Our study had several limitations. First, the ROIs in the tumors were manually placed. Small ROIs were placed on the artifact-free area showing visually lowest values on the ADC map for minimum ADC measurement according to previous studies.[2,12] The larger ROIs placed in the whole lesion might include larger artifact areas for average ADC measurement. Nevertheless, excellent agreements of ADC values between TSE-DWI and EPI-DWI were obtained (ICC = 0.97–0.99) with excellent inter-observer agreement, and the reliability was confirmed for minimum and average ADC measurements. Second, the required sample size was calculated for visual score assessment, which was the primary endpoint of the study. We could not measure ADC values for lesions that were non-visible or suffered from artifacts on ADC maps, so fewer patients were included in our assessment of ADC measurement (n = 15).

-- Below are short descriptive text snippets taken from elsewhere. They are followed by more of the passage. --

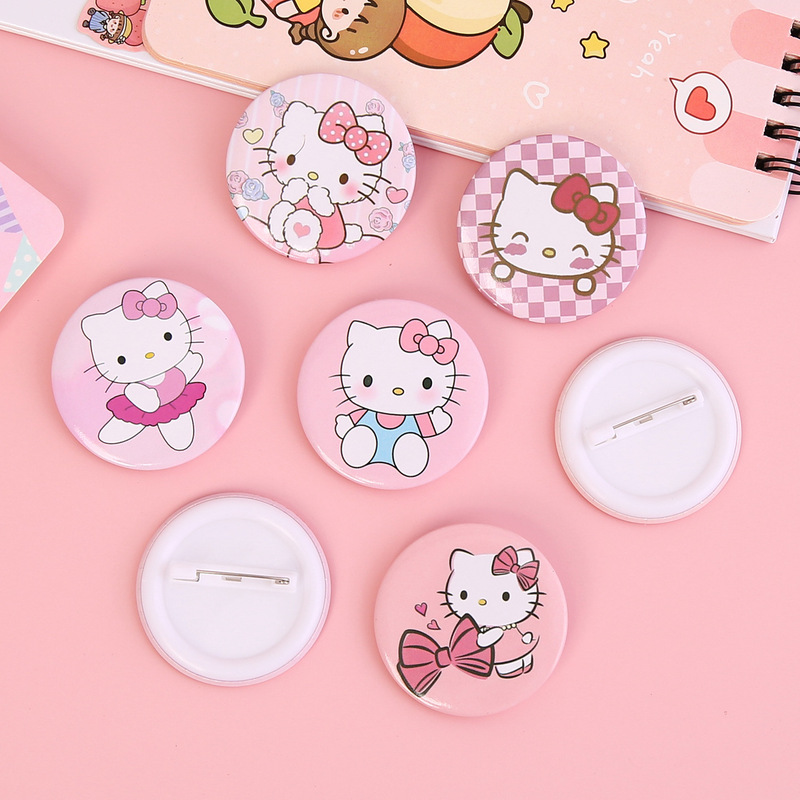 サンリオバーブリキバッジハローキティブローチ漫画バッジスクールバッグペンダント小さなギフト記念メダル|undefined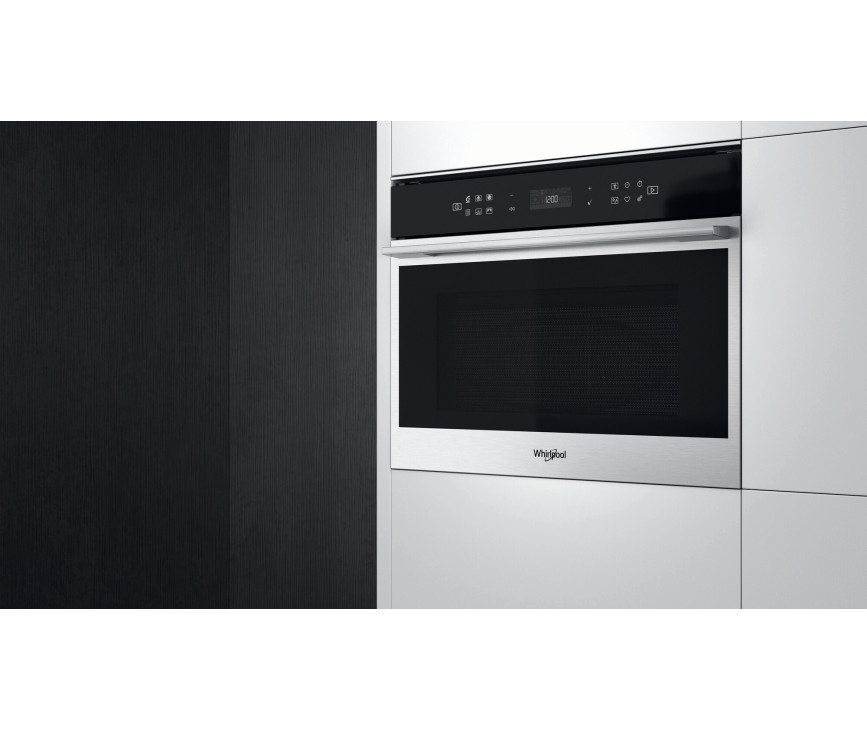 Whirlpool W7 MW461 MICROWAVE WP inbouw combi-magnetron - rvs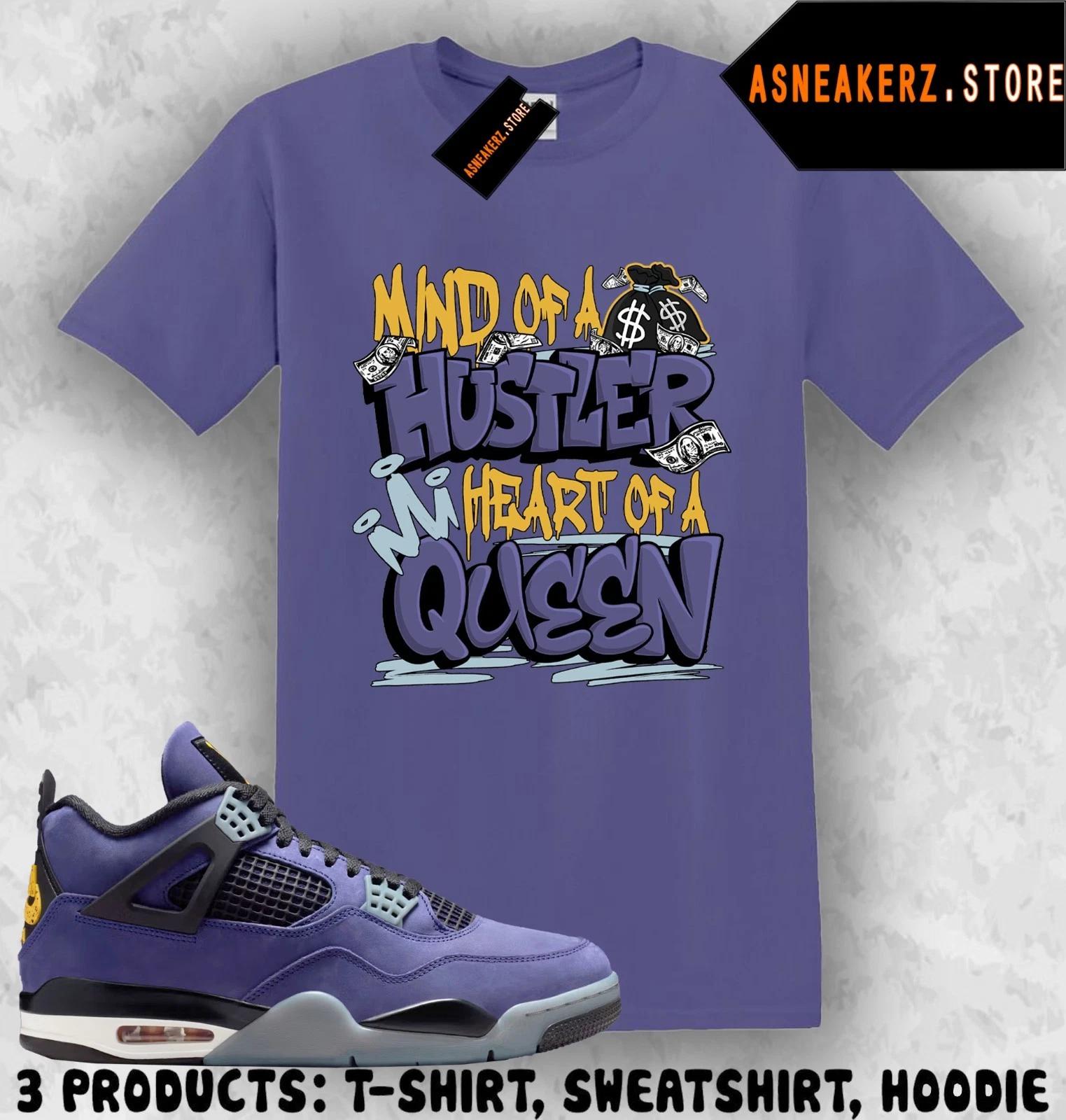 Shirt Match AJ 4 Lakers Lakeshow 2026 Sneaker Matching Tee Hustler Heart Queen L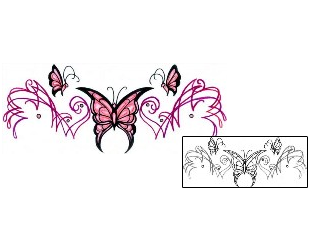 Butterfly Tattoo For Women tattoo | WYF-00006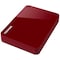 Toshiba Canvio Advance bærbar harddisk 4 TB (rød)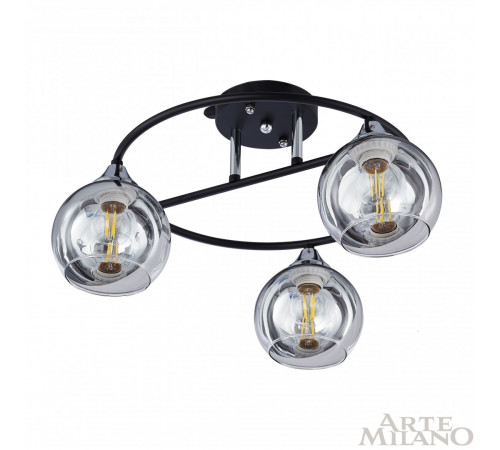 Потолочная люстра Arte Milano Amalfi 322403/3 BK+CR Потолочная люстра Arte Milano Amalfi 322403/3 BK+CR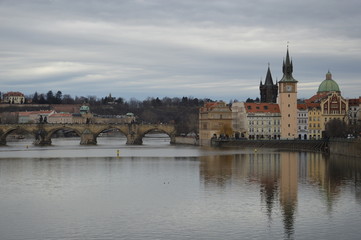 Obraz premium Moldau in Prag
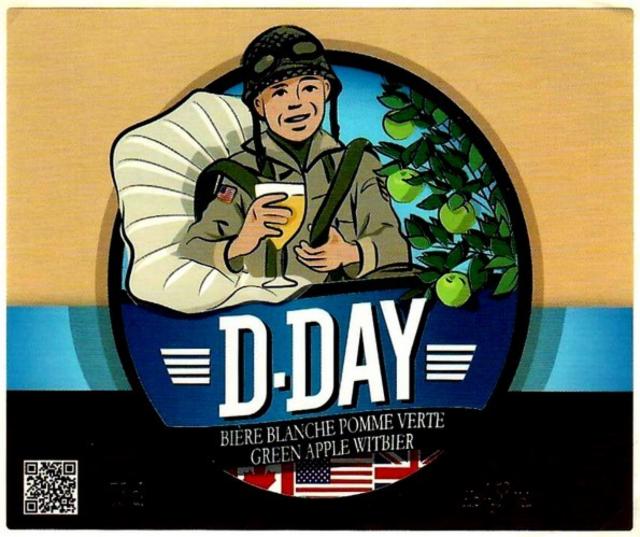 D-Day Blanche 4.5%, Brasserie Artisanale Des 2 Caps, France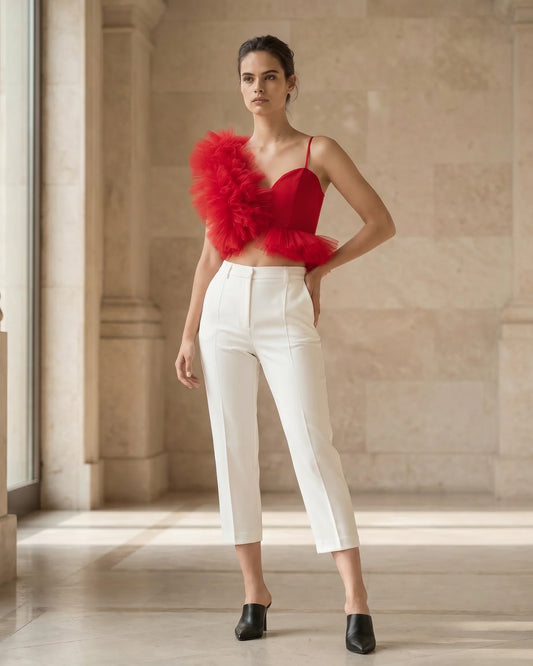 The Scarlet Ruffle Crop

Nevertheless, agreements of the ADC values between TSE-DWI and EPI-DWI and between the observers were excellent. Third, malignant lesions were not included in this study. Malignant hand tumors are very few, so accumulating enough numbers of samples was difficult. Additionally, our purpose was to evaluate thin-slice TSE-DWI optimizing DWI technique for small hand lesions and detailed structures, and not to compare malignant tumors with benign tumors. Differentiation between malignant and benign musculoskeletal tumors was reported in many previous studies.[2] Fourth, we included the patients with no lesion or a postoperative change. We thought it is also important to diagnose the status as no lesion because DWI is often used for screening. However, we could not calculate the diagnostic accuracy and the influence of postoperative susceptibility effect was uncertain. It seems preferable to separately examine patients with a lesion, no lesion, and a postoperative change. Further studies with greater numbers of patients are warranted.

Conclusion

Thin-slice coronal TSE-DWI with recently developed techniques on 3T MRI was superior to conventional EPI-DWI in terms of less image distortion, allowing evaluation of a large area of the hand with near iso-voxel. Furthermore, assessments of visual score and objective ADC measurement proved that the image noise, the major problem of thin-slice TSE-DWI, was acceptable.